De nouveaux partenaires
Malgré tout il reste du chemin à parcourir, notamment en France où le sponsoring n'a pas vraiment redécollé depuis 2008. Si les marques souhaitent profiter de la publicité en étant partenaire ponctuel d'événements ou en achetant des espaces publicitaires, elles n'ont pas encore repris le chemin du réel soutien financier des équipes. Certaines toutefois comme Redbull ou Monster vont plus loin que les autres mais elles ne représentent à l'heure actuelle qu'une minorité du marché. On attend surtout des entreprises plus importantes qu'elles tracent la voie, Coca Cola ou Pepsi sont par exemple les grands absents depuis de nombreuses années tout comme McDonald's, Burger King et autres KFC alors que ces derniers pourraient profiter de l'occasion afin de promouvoir leurs produits à une cible fidèle. Il semble d'ailleurs qu'en précurseur de ce phénomène l'industrie pour adultes via YouPorn a compris quel intérêt elle pouvait avoir à se pencher sur la question.
Le monde du sport électronique évolue continuellement et prend clairement de l'ampleur. Il suffit de constater qu'il bénéficie de plus en plus régulièrement d'articles dans des journaux ou d'émissions le concernant.
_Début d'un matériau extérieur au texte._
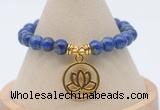 CGB7818 8mm lapis lazuli bead with luckly charm bracelets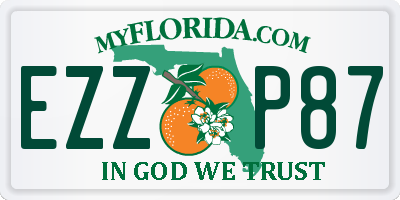 FL license plate EZZP87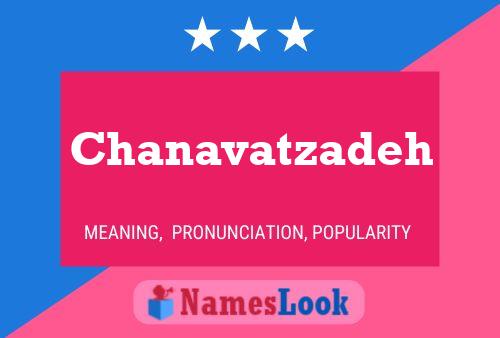 Chanavatzadeh Namensposter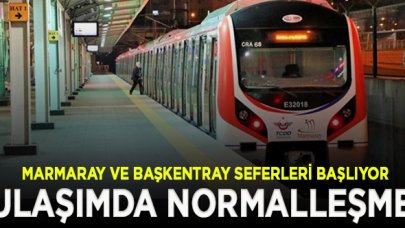 Marmaray ve Başkentray seferleri yarın saat 06.00'da başlıyor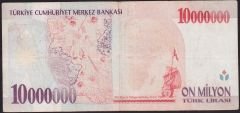 7.Emisyon 10 000 000 Lira B57 174824 Çok Temiz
Malgré tout la route est encore longue et nous avons déjà connu suffisamment de changements de direction pour rester suffisamment prudents. Concernant les marques le problème est le même, elles n'osent pas encore investir véritablement dans ce secteur dont il est compliqué encore de distinguer l'avenir. Ponctuellement on peut voir apparaitre des noms comme Red Bull sur StarCraft II, Coca sur League of Legends ou bien Intel avec Counter-Strike: Global Offensive mais aujourd'hui le gros des chèques reste versé par les compagnies dédiées à l'eSport comme la Major League Gaming, l'Electronic Sports League et consorts mais également via les éditeurs qui ont eu saisi, sur le tard il est vrai, tous les avantages qu'ils pouvaient tirer du développement du jeu vidéo de compétition.
Dans tous les cas 2014 aura permis d'écraser les précédents records d'audience, de voir débarquer les jeux vidéo aux X-Games, de dépasser les 10 millions de dollars de cash offerts lors d'une seule compétition et de remplir des stades de plus en plus grands. 2015 promet d'ores et déjà de dépasser une fois encore ces résultats déjà impressionnants. Le rachat de Twitch devrait permettre de développer le streaming, l'assise des grands noms de l'eSport donnera plus de confiance aux éventuels partenaires et le fait que les salles soient pleines permettra également d'attirer de nouveaux sponsors peut-être encore trop frileux. Nous n'en sommes encore aujourd'hui qu'aux prémices d'un changement radical de fonctionnement qui verra arriver de nouveaux codes et peut-être aussi moins de spontanéité.